The Maghreb Union the world’s worst trading bloc is believed as such by most, notably by the author of the proposed article of the WEF. It is nevertheless a vast expanse of land between the Sahara, the Mediterranean Sea and the Atlantic Ocean and is made of nations with relatively homogeneous ethnic compositions that are largely dominated by the Amazigh component. The Arab identity that was inlaid during the 8th and 9th centuries came eventually to dominate the whole without however convening it, within one State or complementary neighbouring States.
Today rallies take place with or often without confrontation with the security forces in every corner of the Maghreb to claim for most amongst many things their legitimate identity. The Mouvement Autonomist Kabyle and the M’zab in Algeria, the Rif’s Hirak in Morocco are only the loudest few taking to the street for what could be assimilated to discontent with such existing States.

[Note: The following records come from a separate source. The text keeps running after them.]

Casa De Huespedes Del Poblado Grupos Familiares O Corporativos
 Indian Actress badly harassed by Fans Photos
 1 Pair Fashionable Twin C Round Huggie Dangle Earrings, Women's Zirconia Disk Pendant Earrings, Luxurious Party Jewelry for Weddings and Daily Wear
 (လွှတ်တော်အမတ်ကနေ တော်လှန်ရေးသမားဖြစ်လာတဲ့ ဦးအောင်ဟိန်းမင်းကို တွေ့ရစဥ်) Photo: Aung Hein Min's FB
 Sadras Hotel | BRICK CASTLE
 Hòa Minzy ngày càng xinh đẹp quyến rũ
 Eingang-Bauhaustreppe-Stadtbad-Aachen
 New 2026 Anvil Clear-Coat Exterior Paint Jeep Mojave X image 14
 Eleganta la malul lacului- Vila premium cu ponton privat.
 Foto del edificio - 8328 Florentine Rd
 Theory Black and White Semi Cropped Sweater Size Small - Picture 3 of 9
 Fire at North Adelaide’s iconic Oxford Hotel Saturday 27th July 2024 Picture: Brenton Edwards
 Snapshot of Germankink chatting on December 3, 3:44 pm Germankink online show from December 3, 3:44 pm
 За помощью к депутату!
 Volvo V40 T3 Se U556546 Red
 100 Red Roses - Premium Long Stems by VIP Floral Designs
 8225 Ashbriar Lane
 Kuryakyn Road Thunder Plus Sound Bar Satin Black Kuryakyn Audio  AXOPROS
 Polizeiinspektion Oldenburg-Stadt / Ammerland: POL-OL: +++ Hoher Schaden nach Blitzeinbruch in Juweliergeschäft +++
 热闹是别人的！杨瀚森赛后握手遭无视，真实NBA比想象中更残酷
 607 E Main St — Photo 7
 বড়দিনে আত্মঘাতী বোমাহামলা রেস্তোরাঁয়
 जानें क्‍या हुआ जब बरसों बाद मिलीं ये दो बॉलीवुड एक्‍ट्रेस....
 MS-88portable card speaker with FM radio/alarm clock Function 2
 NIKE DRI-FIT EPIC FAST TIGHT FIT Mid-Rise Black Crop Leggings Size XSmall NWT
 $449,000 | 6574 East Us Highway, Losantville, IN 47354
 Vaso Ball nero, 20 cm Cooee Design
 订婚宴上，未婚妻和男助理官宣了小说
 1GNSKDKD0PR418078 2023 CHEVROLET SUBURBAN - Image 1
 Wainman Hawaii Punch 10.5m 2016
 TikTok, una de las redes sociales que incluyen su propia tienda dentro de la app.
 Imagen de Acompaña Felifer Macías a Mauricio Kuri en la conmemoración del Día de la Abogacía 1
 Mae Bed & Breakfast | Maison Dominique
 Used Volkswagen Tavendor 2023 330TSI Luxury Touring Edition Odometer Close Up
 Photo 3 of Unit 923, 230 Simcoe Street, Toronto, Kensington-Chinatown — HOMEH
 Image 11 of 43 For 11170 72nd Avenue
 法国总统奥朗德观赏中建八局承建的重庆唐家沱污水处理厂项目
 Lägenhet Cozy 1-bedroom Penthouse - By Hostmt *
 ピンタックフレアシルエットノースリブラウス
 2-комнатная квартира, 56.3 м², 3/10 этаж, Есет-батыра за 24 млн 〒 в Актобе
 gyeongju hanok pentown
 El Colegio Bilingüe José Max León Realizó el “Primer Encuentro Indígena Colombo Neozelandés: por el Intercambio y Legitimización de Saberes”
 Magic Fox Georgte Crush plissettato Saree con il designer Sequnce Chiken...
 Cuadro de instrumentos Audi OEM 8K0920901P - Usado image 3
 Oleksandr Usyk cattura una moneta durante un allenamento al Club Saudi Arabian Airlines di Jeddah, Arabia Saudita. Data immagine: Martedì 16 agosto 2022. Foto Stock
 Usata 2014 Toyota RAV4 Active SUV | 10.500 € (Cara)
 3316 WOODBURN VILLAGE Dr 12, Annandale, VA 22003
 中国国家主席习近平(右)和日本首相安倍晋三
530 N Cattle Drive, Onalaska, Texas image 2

All of these countries it is said are consequent to a long chain of crises. These started with the demise of that part of the Maghreb from the multi century old rule of the Ottoman Empire to the superfluous French protectorate of a few years in Morocco and Tunisia and outright but unsuccessful colonisation in Algeria.
This article below of the World Economic Forum written by Wadia Ait Hamza, Head of Social Engagement – The Americas, gives a pretty descriptive image of the currently prevailing situation of the countries of the Maghreb.
The Maghreb Union is one of the world’s worst-performing trading blocs. Here are five ways to change that
The Maghreb is the perfect example of a region whose countries have been unable to find their way to a deeper integration
The Image above is of REUTERS/Youssef Boudlal
In today’s world it is increasingly difficult for non-integrated countries to be either economically or politically viable. It is simply not sustainable for countries to be isolated in their own bubble; those nations should overcome their competitive mindset and search for ways to cooperate with their peers.
The Maghreb, in Northern Africa, is the perfect example of a region whose countries have been unable to find their way to a deeper integration. Only the most basic level of cooperation exists between the region’s five countries – Algeria, Libya, Mauritania, Morocco and Tunisia – despite the fact that the Maghreb Arab Union was created more than 25 years ago with the aim of building a powerful economic bloc in the region.
The region’s potential is enormous, especially if its countries can work together. However, trade between the Maghreb countries represents just 4.8% of their trade volume, according to the United Nations Economic Commission for Africa – and it represents less than 2% of the sub-region’s combined gross domestic product (GDP), according to the World Bank. This region is one of the lowest-performing trading blocs in the world.
If the five Maghreb countries were integrated, each would gain a minimum 5% rise in GDP. A report by the World Bank on economic integration in the Maghrebestimated that deeper integration, including the liberalising of services and reform of investment rules would have increased the per capita real GDP between 2005 and 2015 by 34% for Algeria, 27% for Morocco and 24% for Tunisia.